Solving the Equation (x-4)(x+3)(-x-8) = 0
This equation represents a cubic function, which means it has a maximum of three solutions or roots. To find these roots, we can utilize the Zero Product Property:
Zero Product Property: If the product of two or more factors is zero, then at least one of the factors must be zero.
Applying this to our equation:
(x-4)(x+3)(-x-8) = 0
We have three factors:
- (x-4)
- (x+3)
- (-x-8)
For the product to equal zero, at least one of these factors must be zero. Let's solve for each case:
Case 1: (x-4) = 0
- Solving for x, we get: x = 4
Case 2: (x+3) = 0
- Solving for x, we get: x = -3
Case 3: (-x-8) = 0
- Solving for x, we get: x = -8
Therefore, the solutions to the equation (x-4)(x+3)(-x-8) = 0 are x = 4, x = -3, and x = -8.

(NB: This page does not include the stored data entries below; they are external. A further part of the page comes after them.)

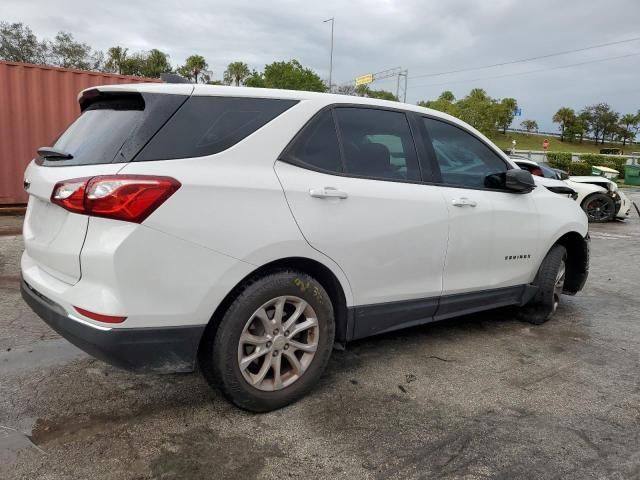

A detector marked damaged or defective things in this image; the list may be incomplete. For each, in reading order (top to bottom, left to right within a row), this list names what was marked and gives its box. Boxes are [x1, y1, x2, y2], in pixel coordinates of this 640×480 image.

damaged vehicle [20, 84, 592, 410] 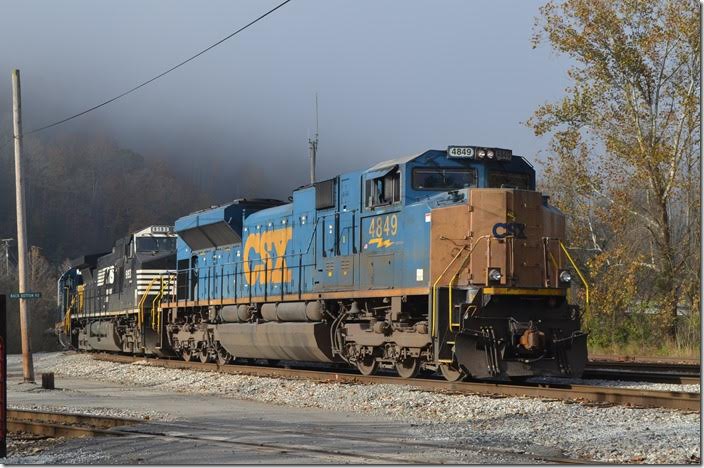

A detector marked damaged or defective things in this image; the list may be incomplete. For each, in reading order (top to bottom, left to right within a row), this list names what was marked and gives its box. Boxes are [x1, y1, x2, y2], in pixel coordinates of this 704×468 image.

rusty rail [92, 352, 700, 412] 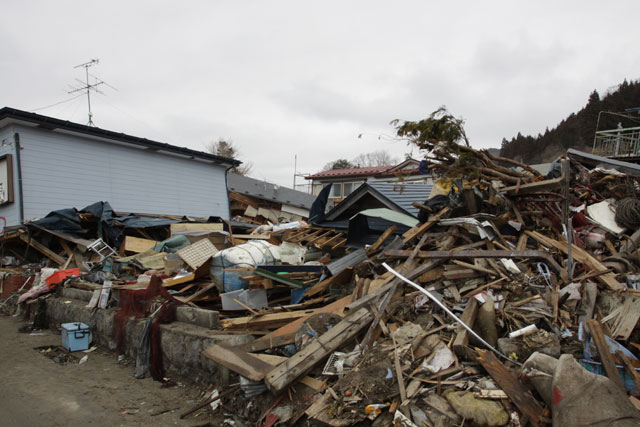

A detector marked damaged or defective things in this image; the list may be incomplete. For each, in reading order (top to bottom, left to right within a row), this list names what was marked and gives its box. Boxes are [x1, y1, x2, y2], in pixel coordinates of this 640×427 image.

splintered lumber [18, 232, 65, 266]
splintered lumber [528, 231, 624, 290]
splintered lumber [202, 344, 272, 382]
splintered lumber [222, 310, 318, 332]
splintered lumber [264, 308, 376, 394]
splintered lumber [452, 300, 478, 358]
splintered lumber [478, 350, 544, 426]
splintered lumber [588, 320, 628, 394] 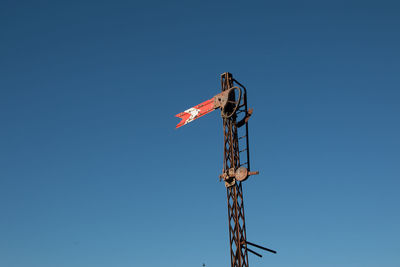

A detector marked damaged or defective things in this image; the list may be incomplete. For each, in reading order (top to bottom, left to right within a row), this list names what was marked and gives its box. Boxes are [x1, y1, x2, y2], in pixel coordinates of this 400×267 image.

rusty metal structure [175, 72, 276, 266] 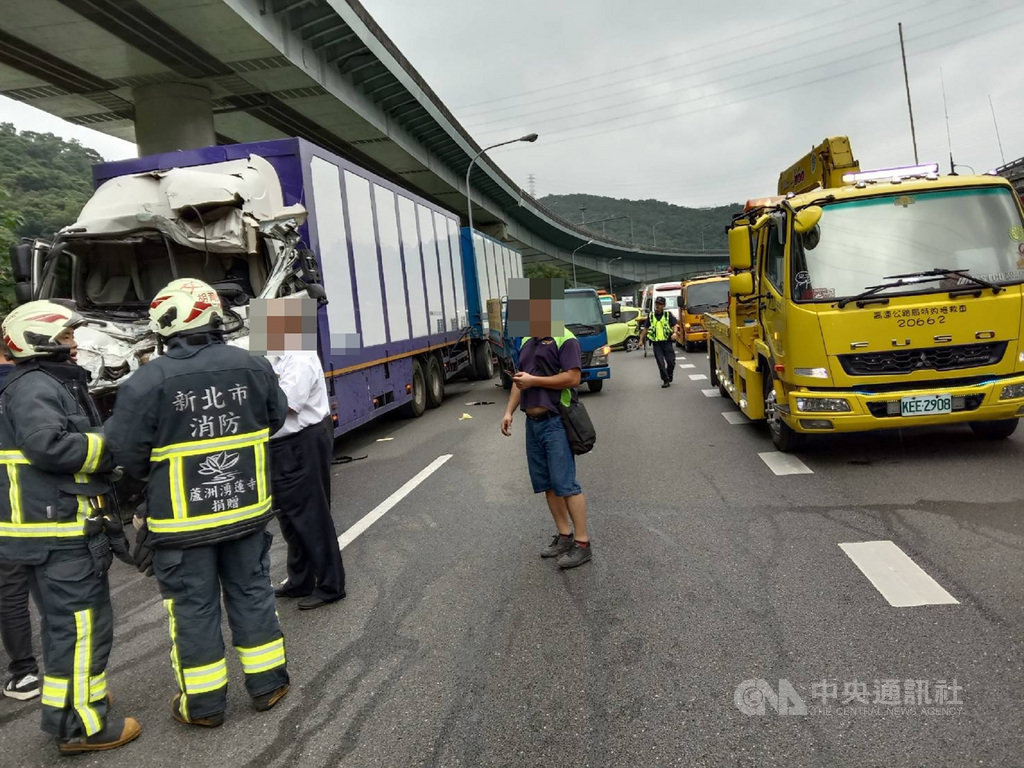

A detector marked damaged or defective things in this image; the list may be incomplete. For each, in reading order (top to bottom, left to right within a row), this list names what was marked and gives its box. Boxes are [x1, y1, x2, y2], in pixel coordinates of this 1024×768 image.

crushed truck cab [708, 138, 1024, 450] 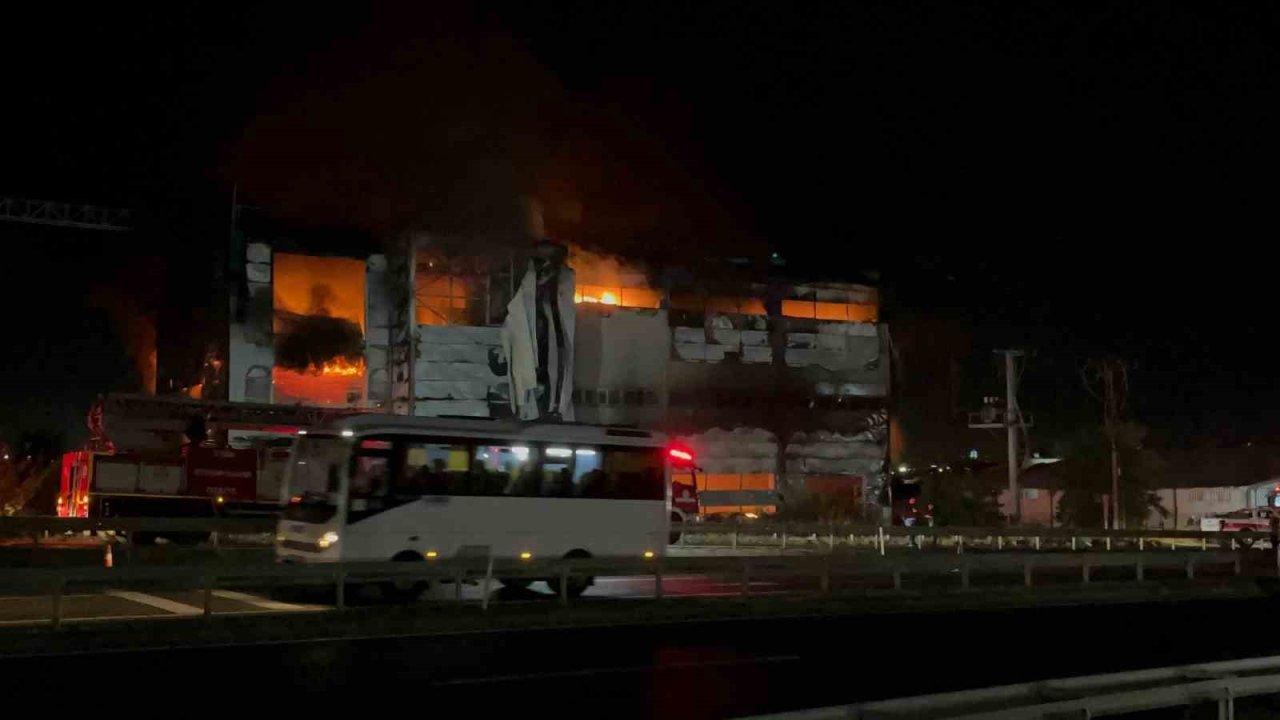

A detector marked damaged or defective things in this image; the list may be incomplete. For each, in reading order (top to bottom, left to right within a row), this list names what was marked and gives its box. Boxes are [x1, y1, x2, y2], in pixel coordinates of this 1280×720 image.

damaged facade [228, 231, 888, 516]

Understanding the Solution:
These solutions represent the x-intercepts of the graph of the cubic function represented by the equation. In other words, the graph crosses the x-axis at the points (4, 0), (-3, 0), and (-8, 0).
In Summary:
By using the Zero Product Property, we successfully found the three solutions (roots) of the equation (x-4)(x+3)(-x-8) = 0, which are x = 4, x = -3, and x = -8. These solutions also represent the x-intercepts of the corresponding cubic function.